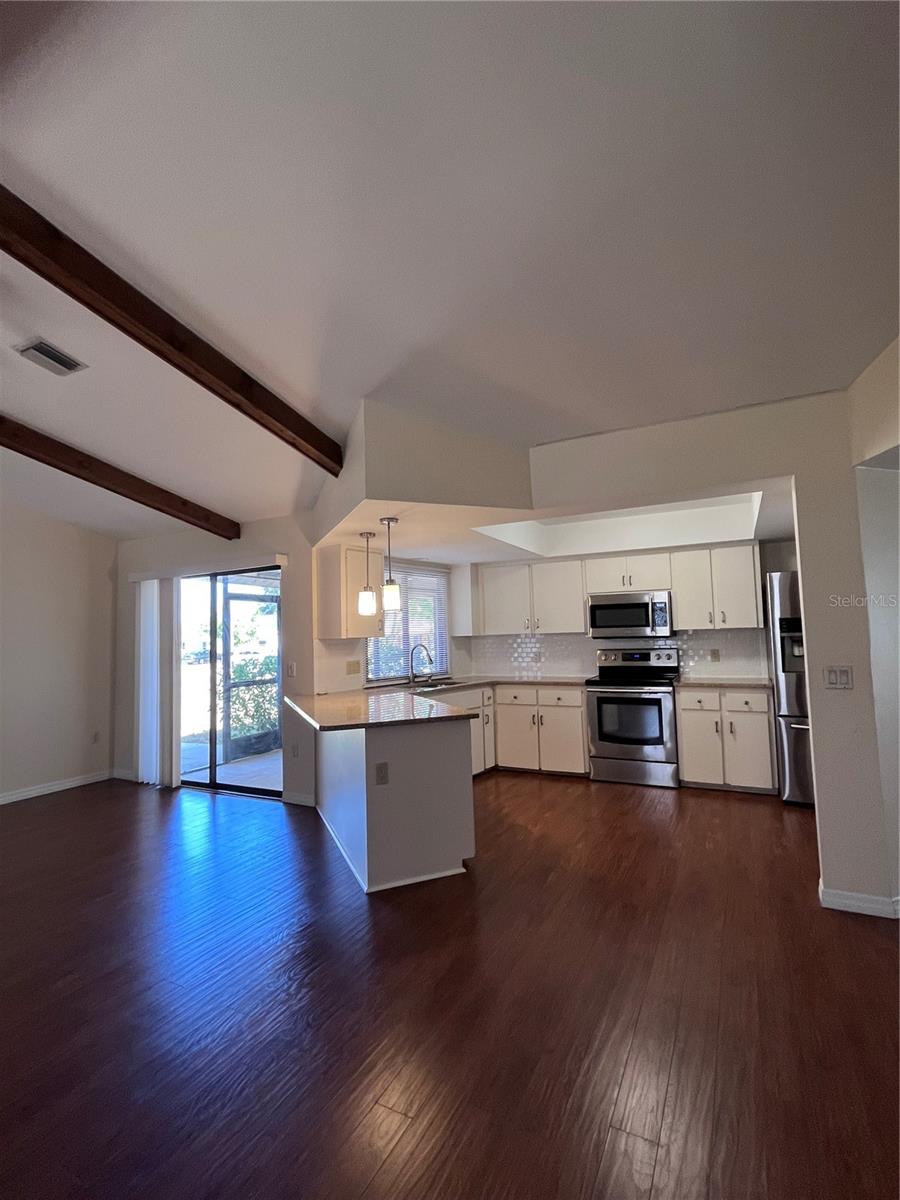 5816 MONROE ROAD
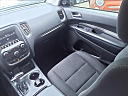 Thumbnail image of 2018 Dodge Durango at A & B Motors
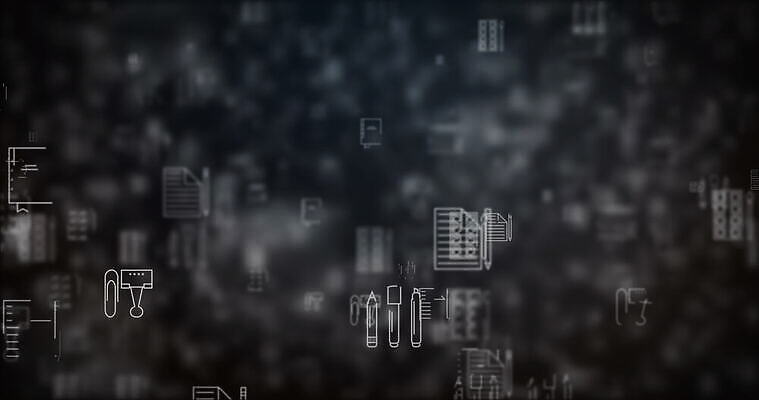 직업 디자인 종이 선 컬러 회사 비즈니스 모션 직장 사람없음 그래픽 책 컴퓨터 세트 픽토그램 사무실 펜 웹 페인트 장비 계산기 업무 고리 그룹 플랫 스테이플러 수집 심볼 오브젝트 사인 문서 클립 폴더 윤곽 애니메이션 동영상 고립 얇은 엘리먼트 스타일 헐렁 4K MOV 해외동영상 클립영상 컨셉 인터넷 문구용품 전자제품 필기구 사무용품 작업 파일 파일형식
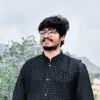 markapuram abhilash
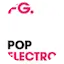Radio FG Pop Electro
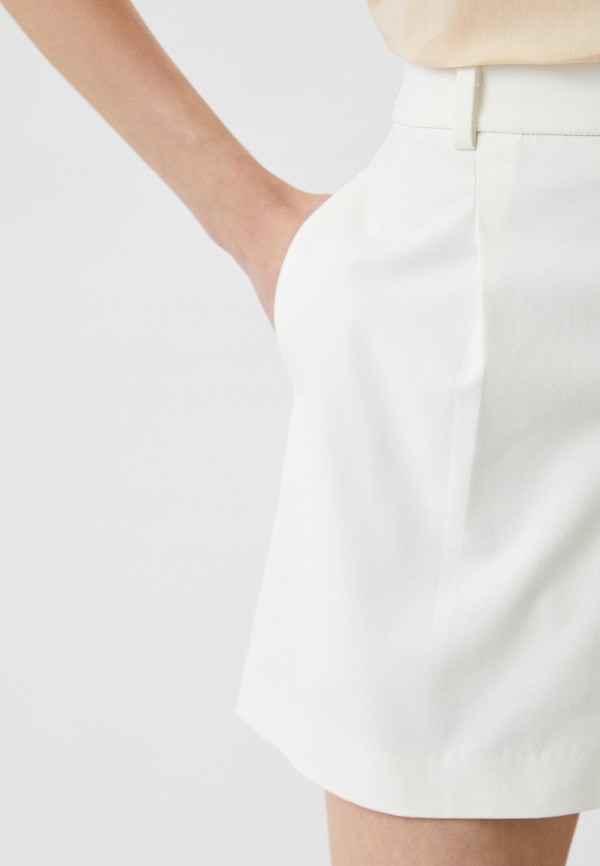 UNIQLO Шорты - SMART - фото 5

> [Requirement] Once the pictures are removed, write out all of the entries above exactly.

> [Answer]
 5816 MONROE ROAD
 Thumbnail image of 2018 Dodge Durango at A & B Motors
 직업 디자인 종이 선 컬러 회사 비즈니스 모션 직장 사람없음 그래픽 책 컴퓨터 세트 픽토그램 사무실 펜 웹 페인트 장비 계산기 업무 고리 그룹 플랫 스테이플러 수집 심볼 오브젝트 사인 문서 클립 폴더 윤곽 애니메이션 동영상 고립 얇은 엘리먼트 스타일 헐렁 4K MOV 해외동영상 클립영상 컨셉 인터넷 문구용품 전자제품 필기구 사무용품 작업 파일 파일형식
 markapuram abhilash
Radio FG Pop Electro
 UNIQLO Шорты - SMART - фото 5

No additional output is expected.